▶ [Given records]
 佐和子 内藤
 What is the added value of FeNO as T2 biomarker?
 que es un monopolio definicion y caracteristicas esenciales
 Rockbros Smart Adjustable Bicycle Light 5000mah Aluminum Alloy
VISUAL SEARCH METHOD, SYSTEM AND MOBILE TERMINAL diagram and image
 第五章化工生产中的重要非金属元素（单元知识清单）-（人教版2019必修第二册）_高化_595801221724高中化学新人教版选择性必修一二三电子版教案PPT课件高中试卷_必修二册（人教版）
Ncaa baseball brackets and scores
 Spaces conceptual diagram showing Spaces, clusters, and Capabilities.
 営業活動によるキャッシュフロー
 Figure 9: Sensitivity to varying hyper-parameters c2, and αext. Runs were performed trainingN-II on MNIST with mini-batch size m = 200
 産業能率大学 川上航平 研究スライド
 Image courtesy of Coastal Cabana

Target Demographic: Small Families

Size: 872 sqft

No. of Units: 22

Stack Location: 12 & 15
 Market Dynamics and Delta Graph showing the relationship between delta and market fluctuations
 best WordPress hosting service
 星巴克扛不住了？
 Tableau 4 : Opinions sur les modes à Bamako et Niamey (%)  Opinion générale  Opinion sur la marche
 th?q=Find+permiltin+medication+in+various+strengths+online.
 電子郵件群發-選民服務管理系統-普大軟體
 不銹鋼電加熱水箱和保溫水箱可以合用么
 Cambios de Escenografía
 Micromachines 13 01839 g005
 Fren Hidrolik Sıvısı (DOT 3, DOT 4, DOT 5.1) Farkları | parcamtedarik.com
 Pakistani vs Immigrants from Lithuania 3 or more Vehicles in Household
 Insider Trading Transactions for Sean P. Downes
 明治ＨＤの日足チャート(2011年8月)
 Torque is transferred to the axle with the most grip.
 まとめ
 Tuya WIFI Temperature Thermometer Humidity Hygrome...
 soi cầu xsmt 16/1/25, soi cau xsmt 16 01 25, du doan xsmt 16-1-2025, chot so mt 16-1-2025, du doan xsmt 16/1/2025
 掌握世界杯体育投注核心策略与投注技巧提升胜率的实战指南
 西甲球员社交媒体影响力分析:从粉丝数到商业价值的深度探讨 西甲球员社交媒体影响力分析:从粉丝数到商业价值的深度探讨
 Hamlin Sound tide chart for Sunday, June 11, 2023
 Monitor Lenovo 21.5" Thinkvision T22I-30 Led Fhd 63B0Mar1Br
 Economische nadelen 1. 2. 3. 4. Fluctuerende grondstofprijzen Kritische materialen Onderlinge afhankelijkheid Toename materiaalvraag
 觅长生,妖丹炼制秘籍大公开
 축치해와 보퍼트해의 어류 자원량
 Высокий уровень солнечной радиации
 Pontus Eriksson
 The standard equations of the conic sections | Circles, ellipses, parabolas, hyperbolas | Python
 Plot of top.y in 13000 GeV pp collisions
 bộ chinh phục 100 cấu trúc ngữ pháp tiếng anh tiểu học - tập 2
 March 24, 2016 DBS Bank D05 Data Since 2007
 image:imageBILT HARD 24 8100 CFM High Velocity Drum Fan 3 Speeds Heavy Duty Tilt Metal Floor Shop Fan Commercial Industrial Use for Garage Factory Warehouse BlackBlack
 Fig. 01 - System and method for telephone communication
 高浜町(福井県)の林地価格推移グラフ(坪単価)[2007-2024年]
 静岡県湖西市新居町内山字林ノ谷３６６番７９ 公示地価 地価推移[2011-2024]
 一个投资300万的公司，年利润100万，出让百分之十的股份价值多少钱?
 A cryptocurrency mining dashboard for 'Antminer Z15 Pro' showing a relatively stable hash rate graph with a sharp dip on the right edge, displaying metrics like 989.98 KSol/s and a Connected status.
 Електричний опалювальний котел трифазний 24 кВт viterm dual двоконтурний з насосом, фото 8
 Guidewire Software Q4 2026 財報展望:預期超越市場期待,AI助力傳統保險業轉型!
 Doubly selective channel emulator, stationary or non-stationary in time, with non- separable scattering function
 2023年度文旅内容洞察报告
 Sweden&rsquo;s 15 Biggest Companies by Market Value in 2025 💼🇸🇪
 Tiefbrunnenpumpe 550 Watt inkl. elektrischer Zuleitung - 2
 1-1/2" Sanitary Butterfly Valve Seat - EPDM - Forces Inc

▶ [Problem description] All of the data above should be written out again word for word.

▶ [Solution]
 佐和子 内藤
 What is the added value of FeNO as T2 biomarker?
 que es un monopolio definicion y caracteristicas esenciales
 Rockbros Smart Adjustable Bicycle Light 5000mah Aluminum Alloy
VISUAL SEARCH METHOD, SYSTEM AND MOBILE TERMINAL diagram and image
 第五章化工生产中的重要非金属元素（单元知识清单）-（人教版2019必修第二册）_高化_595801221724高中化学新人教版选择性必修一二三电子版教案PPT课件高中试卷_必修二册（人教版）
Ncaa baseball brackets and scores
 Spaces conceptual diagram showing Spaces, clusters, and Capabilities.
 営業活動によるキャッシュフロー
 Figure 9: Sensitivity to varying hyper-parameters c2, and αext. Runs were performed trainingN-II on MNIST with mini-batch size m = 200
 産業能率大学 川上航平 研究スライド
 Image courtesy of Coastal Cabana

Target Demographic: Small Families

Size: 872 sqft

No. of Units: 22

Stack Location: 12 & 15
 Market Dynamics and Delta Graph showing the relationship between delta and market fluctuations
 best WordPress hosting service
 星巴克扛不住了？
 Tableau 4 : Opinions sur les modes à Bamako et Niamey (%)  Opinion générale  Opinion sur la marche
 th?q=Find+permiltin+medication+in+various+strengths+online.
 電子郵件群發-選民服務管理系統-普大軟體
 不銹鋼電加熱水箱和保溫水箱可以合用么
 Cambios de Escenografía
 Micromachines 13 01839 g005
 Fren Hidrolik Sıvısı (DOT 3, DOT 4, DOT 5.1) Farkları | parcamtedarik.com
 Pakistani vs Immigrants from Lithuania 3 or more Vehicles in Household
 Insider Trading Transactions for Sean P. Downes
 明治ＨＤの日足チャート(2011年8月)
 Torque is transferred to the axle with the most grip.
 まとめ
 Tuya WIFI Temperature Thermometer Humidity Hygrome...
 soi cầu xsmt 16/1/25, soi cau xsmt 16 01 25, du doan xsmt 16-1-2025, chot so mt 16-1-2025, du doan xsmt 16/1/2025
 掌握世界杯体育投注核心策略与投注技巧提升胜率的实战指南
 西甲球员社交媒体影响力分析:从粉丝数到商业价值的深度探讨 西甲球员社交媒体影响力分析:从粉丝数到商业价值的深度探讨
 Hamlin Sound tide chart for Sunday, June 11, 2023
 Monitor Lenovo 21.5" Thinkvision T22I-30 Led Fhd 63B0Mar1Br
 Economische nadelen 1. 2. 3. 4. Fluctuerende grondstofprijzen Kritische materialen Onderlinge afhankelijkheid Toename materiaalvraag
 觅长生,妖丹炼制秘籍大公开
 축치해와 보퍼트해의 어류 자원량
 Высокий уровень солнечной радиации
 Pontus Eriksson
 The standard equations of the conic sections | Circles, ellipses, parabolas, hyperbolas | Python
 Plot of top.y in 13000 GeV pp collisions
 bộ chinh phục 100 cấu trúc ngữ pháp tiếng anh tiểu học - tập 2
 March 24, 2016 DBS Bank D05 Data Since 2007
 image:imageBILT HARD 24 8100 CFM High Velocity Drum Fan 3 Speeds Heavy Duty Tilt Metal Floor Shop Fan Commercial Industrial Use for Garage Factory Warehouse BlackBlack
 Fig. 01 - System and method for telephone communication
 高浜町(福井県)の林地価格推移グラフ(坪単価)[2007-2024年]
 静岡県湖西市新居町内山字林ノ谷３６６番７９ 公示地価 地価推移[2011-2024]
 一个投资300万的公司，年利润100万，出让百分之十的股份价值多少钱?
 A cryptocurrency mining dashboard for 'Antminer Z15 Pro' showing a relatively stable hash rate graph with a sharp dip on the right edge, displaying metrics like 989.98 KSol/s and a Connected status.
 Електричний опалювальний котел трифазний 24 кВт viterm dual двоконтурний з насосом, фото 8
 Guidewire Software Q4 2026 財報展望:預期超越市場期待,AI助力傳統保險業轉型!
 Doubly selective channel emulator, stationary or non-stationary in time, with non- separable scattering function
 2023年度文旅内容洞察报告
 Sweden&rsquo;s 15 Biggest Companies by Market Value in 2025 💼🇸🇪
 Tiefbrunnenpumpe 550 Watt inkl. elektrischer Zuleitung - 2
 1-1/2" Sanitary Butterfly Valve Seat - EPDM - Forces Inc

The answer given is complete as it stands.